Donnie Fizell said he witnessed the tragedy and told the Free Press it appeared the vehicle involved was speeding.
“I was coming down Jarvis (Avenue) and turning left on Main Street, heading south to the Sutherland Hotel, and I seen the car hit and he just flew,” Fizell said, referring to the victim. “He flew right over the hood of the front of car and landed on his head. He must have gone up in the air a good 15 feet.”
Fizell said the car “was going beyond the speed limit. He was out of control.” Neither did the car stop or slow down after making impact with the young man, he said.
Fizell said the victim had been crossing Main right in front of the Sutherland Hotel. “He was jaywalking, he was walking pretty fast. Perhaps (the driver) didn’t see him because he had dark clothes on.”
Holz was arrested in the area of Main Street and Red River Boulevard around 8:30 p.m. A source told the
Free Press he turned himself in with a phone call.
Smyth said Holz did agree to a breathalyzer following his arrest, but Smyth couldn’t speak to the readings.
It’s worth noting Holz is not currently charged with driving with a blood-alcohol level above .08, which typically occurs in cases where police get readings. The impaired charge that’s been laid doesn’t require a reading to be proven in court.
“There were breath tests administered. The charge that resulted was impaired driving cause death,” said Smyth, adding the IIU “selects the charges.”
Smyth said additional charges could be laid or upgraded as the IIU investigation continues. He defended the police decision not to detain Holz in custody, saying “it’s not unusual for someone charged with this kind of offence to be released with a promise to appear.”
There are numerous examples where citizens charged in this type of case are held behind bars and either the Crown agrees to bail, or a contested hearing is held. However, those often involve people with previous criminal records.
Meanwhile, the IIU is also investigating another incident in which another off-duty Winnipeg police officer driving his own vehicle on Portage Avenue near Langside Street struck a 46-year-old pedestrian at about 9:20 a.m. Tuesday.
The victim was taken to Health Sciences Centre with serious injuries and is listed in unstable condition. The IIU is mandated to investigate the collision due to the severity of the injuries.

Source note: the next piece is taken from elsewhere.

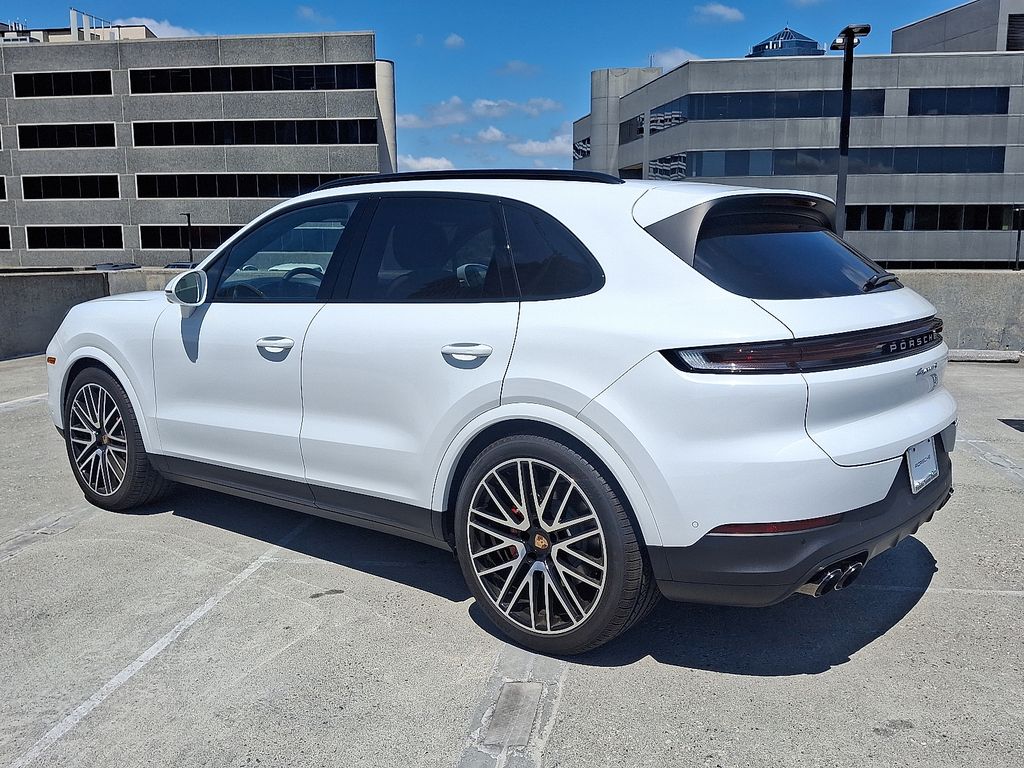Thumbnail: 2025 Porsche Cayenne - 3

“Of course, I’m concerned with both of them. But they’re very different incidents. Traffic collisions happen every day. It doesn’t appear anything untoward happened (in the first one),” Smyth said Wednesday.

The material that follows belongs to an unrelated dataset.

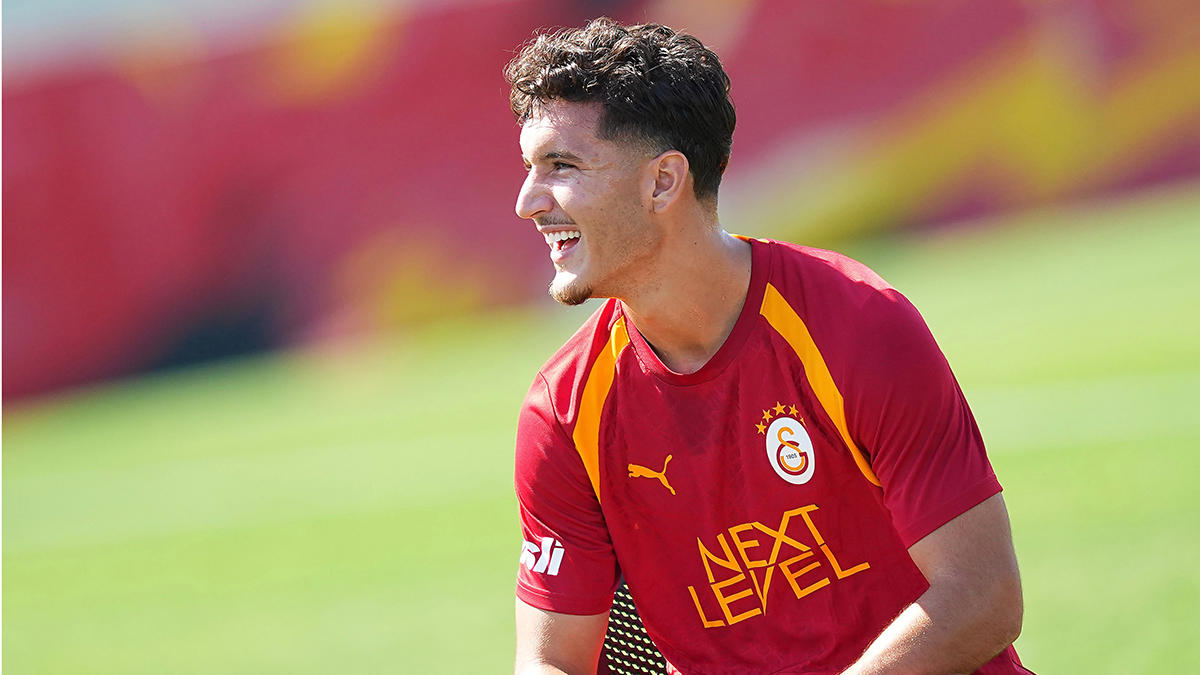 Galatasaray'da yeni transfer Deniz Gül mesaiye başladı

The IIU is asking witnesses and other individuals who have information or video footage in either of the collisions to contact the agency toll-free at 1-844-667-6060.

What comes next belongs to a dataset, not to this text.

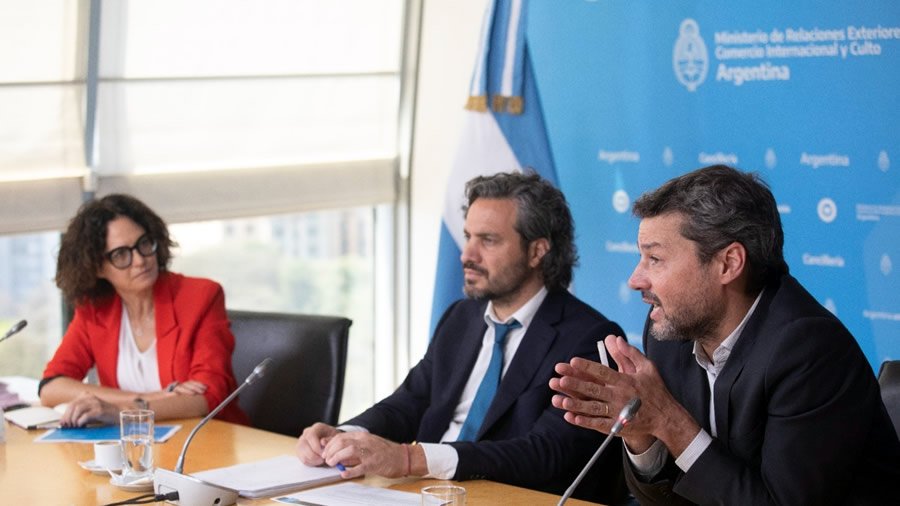 -Embajadores argentinos mantuvieron una reunión virtual con Lammens y Cafiero-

Severight’s brother, David Hunter, was angered the officer was released from custody.
“I think that’s bullshit,” Hunter said. “I’m really pissed off. He shouldn’t be out. Whether it’s his first charge or not. He killed someone.
“What if he had stayed and helped him (the victim) until the ambulance came?”
One witness said Severight “flew 15 feet” from the impact of the car, which never stopped. “He (the driver) took off,” Donnie Fizell added. “He fled. He nailed him (the victim) and just kept going.”
According to several of Severight’s friends, the young man, who was born and raised in Winnipeg, was a fixture of the New West Hotel, just across the street from the Sutherland.
“He was my sidekick,” said Diane Hatch, who said she’s known Severight for the past two years. “He was everyone’s sidekick. Everyone has their troubles, all of us. But he was a good kid. One of the best ones.
“He knew how to comfort people when they were down. He could make you smile.”
Severight was taken into Child and Family Services at age nine and had a “regular teenage life,” said his uncle, Paul Lebold. He was raised by foster mother Karen Beaudin until the age of 21.
Beaudin said Severight was a “bit of a joker” who was “very giving.”
Severight never graduated high school, but had attempted to get his adult education in subsequent years. In fact, Beaudin said Severight was at her home for Thanksgiving dinner Monday, talking about another attempt to get a high school diploma.
“He was trying,” Beaudin said. “He was making changes in his life. He was pretty happy. He had his issues, but he was trying to work through them.”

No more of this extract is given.